Par Mati Ben-Avraham

Ovadia Sofer a été, de longues années, membre permanent de la délégation israélienne à l’ONU, puis ambassadeur plénipotentiaire, chargé des affaires des Nations Unies à Genève. Il a été nommé ambassadeur en France en octobre 1983. Sa connaissance des arcanes onusiens s’est exprimée dans un ouvrage ” Les Nations Unies au Moyen-Orient”, publié au PUF.

Mati Ben-Avraham : Finalement, le grand titre de cette messe internationale à Paris est : Bechar el Assad superstar, Ehoud Olmert ostracisé!

Ovadia Sofer : C’est une évidence que le président syrien, Bechar el Assad, a été la vedette de cette Conférence de Paris. Il est sorti de son isolement politique, sans rien céder pour autant, ni à Israël, ni à quiconque. Il a campé sur ses positions, vis-à-vis de l’Iran, du Hezbollah, des organisations terroristes basées à Damas. Il faut cependant relever qu’il a eu l’habilité d’aller dans le sens désiré par le président français, Nicolas Sarkozy, en ce qui concerne l’établissement de relations diplomatiques entre la Syrie et le Liban. C’est là, incontestablement, une avancée majeure. A condition d’être appliquée sans faux-fuyants. Autre nouveauté : l’invitation lancée au président français d’être plus présent dans le processus de paix au Proche-Orient. C’était la une visée française qui a toujours eu du mal à se concrétiser, et voici que le président syrien ouvre la porte, conviant même Nicolas Sarkozy à Damas pour la mi-septembre. Un bel acquis pour la diplomatie française.

MBA : Avec une réserve, quand même. Bechar el Assad n’a jamais caché que rien ne pouvait se faire sans une implication américaine. Il a également précisé que les actuels échanges de vues, entre la Syrie et Israël par Turquie interposée, ne dépasseront pas ce stade tant qu’un nouveau président ne sera installé à la Maison blanche…

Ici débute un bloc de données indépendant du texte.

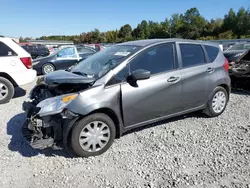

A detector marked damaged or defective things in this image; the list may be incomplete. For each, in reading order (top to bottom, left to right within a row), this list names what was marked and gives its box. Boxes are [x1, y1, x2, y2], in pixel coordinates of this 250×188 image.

damaged front bumper [22, 97, 79, 151]
exposed headlight housing [36, 93, 77, 116]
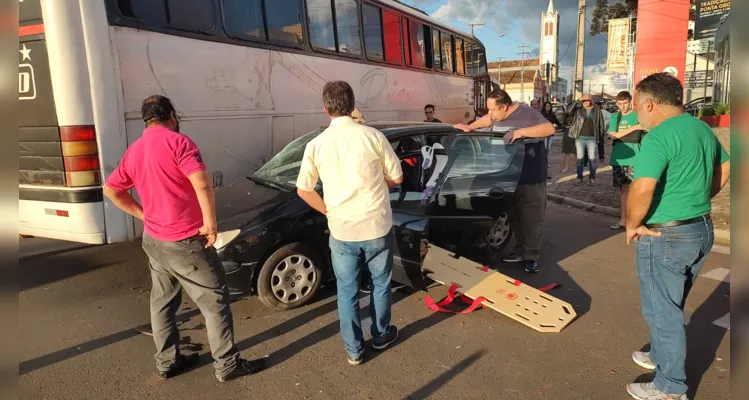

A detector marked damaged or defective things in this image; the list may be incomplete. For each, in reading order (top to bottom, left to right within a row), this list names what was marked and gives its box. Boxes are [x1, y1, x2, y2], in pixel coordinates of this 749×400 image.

damaged vehicle [213, 122, 524, 310]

Ovadia Sofer : Vous avez raison. Il s’agit là d’une manœuvre diplomatique habile de la part du président syrien. Dire attendre le prochain président lui permet de gagner du temps. La porte est ouverte, mais son attentisme est lié à la situation politique aux Etats-Unis… Il peut donc afficher sa volonté de paix, tout en refusant tout geste en direction d’Israël. Davantage : lui-même et son ministre des Affaires Etrangères ont quitté la salle lors des discours d’Ehud Olmert et de Tzipi Livni.

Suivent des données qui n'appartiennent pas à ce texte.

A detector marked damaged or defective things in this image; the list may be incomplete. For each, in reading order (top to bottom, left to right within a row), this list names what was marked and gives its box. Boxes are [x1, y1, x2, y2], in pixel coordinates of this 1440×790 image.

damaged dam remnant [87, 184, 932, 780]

MBA : Hosni Moubarak, dans son discours, a relevé que jusqu’à présent, tout projet de cet ordre avait connu de grandes difficultés d’application en raison de la persistance du conflit israélo-palestinien. Mais pas un mot sur la menace concrète que fait peser l’islamisme sur tout arrangement.

Ovadia Sofer : Ce n’était pas l’un des objectifs de cette conférence. Nicolas Sarkozy a obtenu un succès immense, en surmontant l’opposition de certains chefs d’état, européens, qui ne voyaient aucune utilité à accorder à la France une prépondérance quelconque au Proche-Orient. Des obstacles sérieux, dressés par l’Espagne, ou encore l’Allemagne. Il y a eu des marchandages. Des trocs. Notamment en ce qui concerne la future union des pays nordiques. Je dois dire que la France est en passe de devenir une pièce maîtresse, tant au sein de l’Europe qu’au Proche-Orient.

MBA : Venons-en à cette mise sur pied de cette ” Union Pour la Méditerranée”. Vous la jugez essentielle, cette union?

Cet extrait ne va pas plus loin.